- _Work instruction_
The expected answer is all of the entries, written out exactly.

- _Supplied material_
=== Section Start ===

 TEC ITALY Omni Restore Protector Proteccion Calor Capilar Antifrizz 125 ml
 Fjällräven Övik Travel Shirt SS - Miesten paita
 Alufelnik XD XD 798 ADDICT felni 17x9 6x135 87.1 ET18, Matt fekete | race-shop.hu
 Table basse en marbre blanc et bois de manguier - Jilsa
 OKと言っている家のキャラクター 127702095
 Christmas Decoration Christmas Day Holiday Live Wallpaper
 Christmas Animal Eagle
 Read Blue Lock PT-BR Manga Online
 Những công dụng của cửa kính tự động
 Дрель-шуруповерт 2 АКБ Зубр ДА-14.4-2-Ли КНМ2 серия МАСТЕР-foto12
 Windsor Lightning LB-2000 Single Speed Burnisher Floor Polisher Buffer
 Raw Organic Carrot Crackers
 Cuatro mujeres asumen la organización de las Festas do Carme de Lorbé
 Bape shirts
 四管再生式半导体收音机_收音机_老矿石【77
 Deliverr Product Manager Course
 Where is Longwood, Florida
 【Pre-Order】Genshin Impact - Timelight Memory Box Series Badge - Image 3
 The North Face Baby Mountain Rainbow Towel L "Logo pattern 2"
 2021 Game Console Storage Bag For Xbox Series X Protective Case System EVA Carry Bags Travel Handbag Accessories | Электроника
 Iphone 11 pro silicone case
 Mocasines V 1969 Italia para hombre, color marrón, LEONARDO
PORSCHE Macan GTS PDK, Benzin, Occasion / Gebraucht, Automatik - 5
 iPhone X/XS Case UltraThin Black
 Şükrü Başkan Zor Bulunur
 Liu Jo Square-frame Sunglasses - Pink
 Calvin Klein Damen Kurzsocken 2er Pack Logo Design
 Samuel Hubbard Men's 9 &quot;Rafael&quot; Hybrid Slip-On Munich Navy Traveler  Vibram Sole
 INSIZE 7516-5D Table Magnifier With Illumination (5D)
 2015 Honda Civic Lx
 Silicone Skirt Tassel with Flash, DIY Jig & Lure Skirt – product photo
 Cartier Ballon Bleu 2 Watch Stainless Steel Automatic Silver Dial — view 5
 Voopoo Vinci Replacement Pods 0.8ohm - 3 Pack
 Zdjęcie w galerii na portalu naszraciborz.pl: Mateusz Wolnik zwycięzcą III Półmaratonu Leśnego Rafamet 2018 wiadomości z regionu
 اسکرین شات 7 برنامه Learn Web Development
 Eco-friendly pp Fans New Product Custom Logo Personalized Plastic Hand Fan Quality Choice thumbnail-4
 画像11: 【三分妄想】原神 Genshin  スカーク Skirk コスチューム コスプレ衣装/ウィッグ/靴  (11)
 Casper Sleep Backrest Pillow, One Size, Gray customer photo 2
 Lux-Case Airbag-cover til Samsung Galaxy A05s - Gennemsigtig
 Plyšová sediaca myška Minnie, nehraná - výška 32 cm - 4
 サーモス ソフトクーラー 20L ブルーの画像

=== Section End ===

- _Output below_
 TEC ITALY Omni Restore Protector Proteccion Calor Capilar Antifrizz 125 ml
 Fjällräven Övik Travel Shirt SS - Miesten paita
 Alufelnik XD XD 798 ADDICT felni 17x9 6x135 87.1 ET18, Matt fekete | race-shop.hu
 Table basse en marbre blanc et bois de manguier - Jilsa
 OKと言っている家のキャラクター 127702095
 Christmas Decoration Christmas Day Holiday Live Wallpaper
 Christmas Animal Eagle
 Read Blue Lock PT-BR Manga Online
 Những công dụng của cửa kính tự động
 Дрель-шуруповерт 2 АКБ Зубр ДА-14.4-2-Ли КНМ2 серия МАСТЕР-foto12
 Windsor Lightning LB-2000 Single Speed Burnisher Floor Polisher Buffer
 Raw Organic Carrot Crackers
 Cuatro mujeres asumen la organización de las Festas do Carme de Lorbé
 Bape shirts
 四管再生式半导体收音机_收音机_老矿石【77
 Deliverr Product Manager Course
 Where is Longwood, Florida
 【Pre-Order】Genshin Impact - Timelight Memory Box Series Badge - Image 3
 The North Face Baby Mountain Rainbow Towel L "Logo pattern 2"
 2021 Game Console Storage Bag For Xbox Series X Protective Case System EVA Carry Bags Travel Handbag Accessories | Электроника
 Iphone 11 pro silicone case
 Mocasines V 1969 Italia para hombre, color marrón, LEONARDO
PORSCHE Macan GTS PDK, Benzin, Occasion / Gebraucht, Automatik - 5
 iPhone X/XS Case UltraThin Black
 Şükrü Başkan Zor Bulunur
 Liu Jo Square-frame Sunglasses - Pink
 Calvin Klein Damen Kurzsocken 2er Pack Logo Design
 Samuel Hubbard Men's 9 &quot;Rafael&quot; Hybrid Slip-On Munich Navy Traveler  Vibram Sole
 INSIZE 7516-5D Table Magnifier With Illumination (5D)
 2015 Honda Civic Lx
 Silicone Skirt Tassel with Flash, DIY Jig & Lure Skirt – product photo
 Cartier Ballon Bleu 2 Watch Stainless Steel Automatic Silver Dial — view 5
 Voopoo Vinci Replacement Pods 0.8ohm - 3 Pack
 Zdjęcie w galerii na portalu naszraciborz.pl: Mateusz Wolnik zwycięzcą III Półmaratonu Leśnego Rafamet 2018 wiadomości z regionu
 اسکرین شات 7 برنامه Learn Web Development
 Eco-friendly pp Fans New Product Custom Logo Personalized Plastic Hand Fan Quality Choice thumbnail-4
 画像11: 【三分妄想】原神 Genshin  スカーク Skirk コスチューム コスプレ衣装/ウィッグ/靴  (11)
 Casper Sleep Backrest Pillow, One Size, Gray customer photo 2
 Lux-Case Airbag-cover til Samsung Galaxy A05s - Gennemsigtig
 Plyšová sediaca myška Minnie, nehraná - výška 32 cm - 4
 サーモス ソフトクーラー 20L ブルーの画像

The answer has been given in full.